### INFORMATION SUPPLIED
────────────────
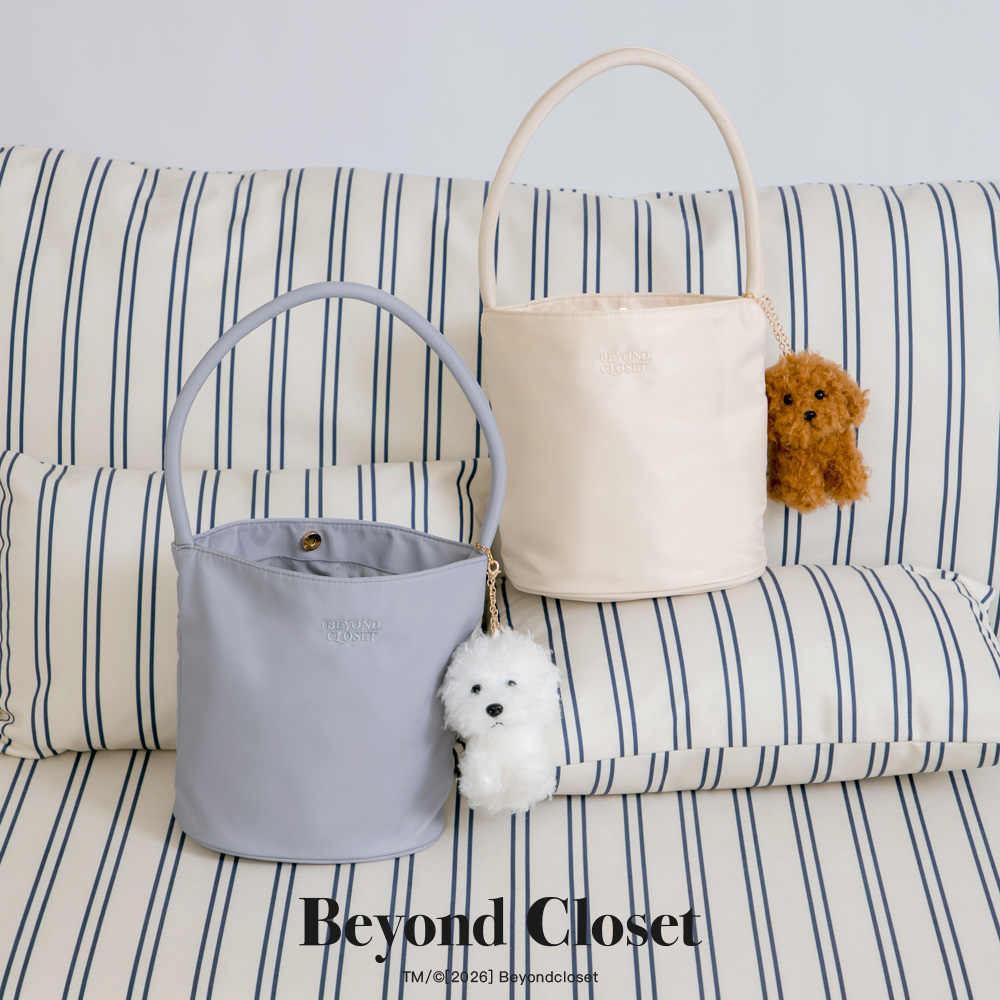 韓國Beyond Closet 輕量尼龍水桶手提肩背包 淺灰 附比熊犬絨毛掛飾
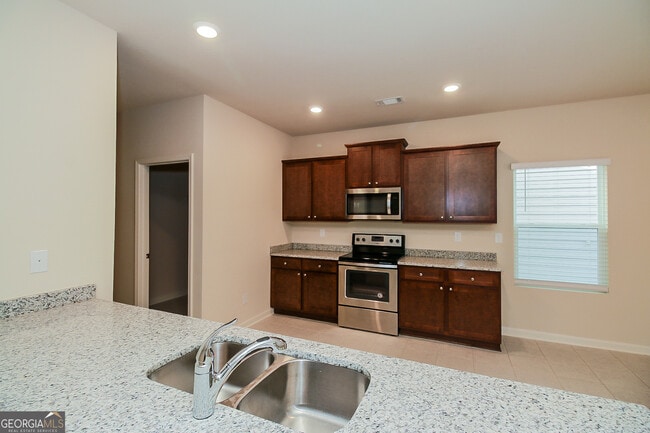 Photo - 10902 Wheeler Trce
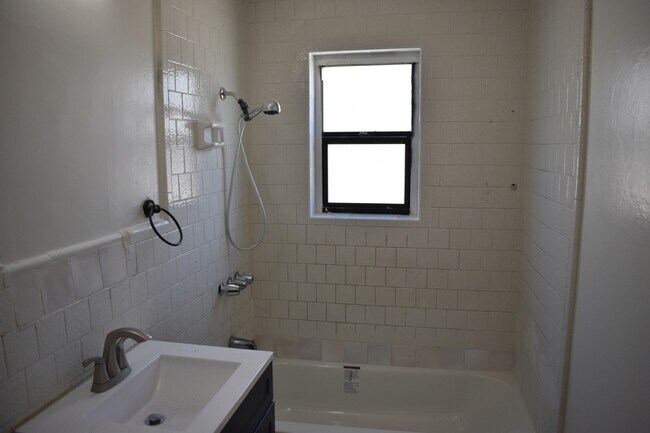 Building Photo - 1720 Bessie Ave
────────────────
Repeat every line above exactly, but omit all images.

 韓國Beyond Closet 輕量尼龍水桶手提肩背包 淺灰 附比熊犬絨毛掛飾
 Photo - 10902 Wheeler Trce
 Building Photo - 1720 Bessie Ave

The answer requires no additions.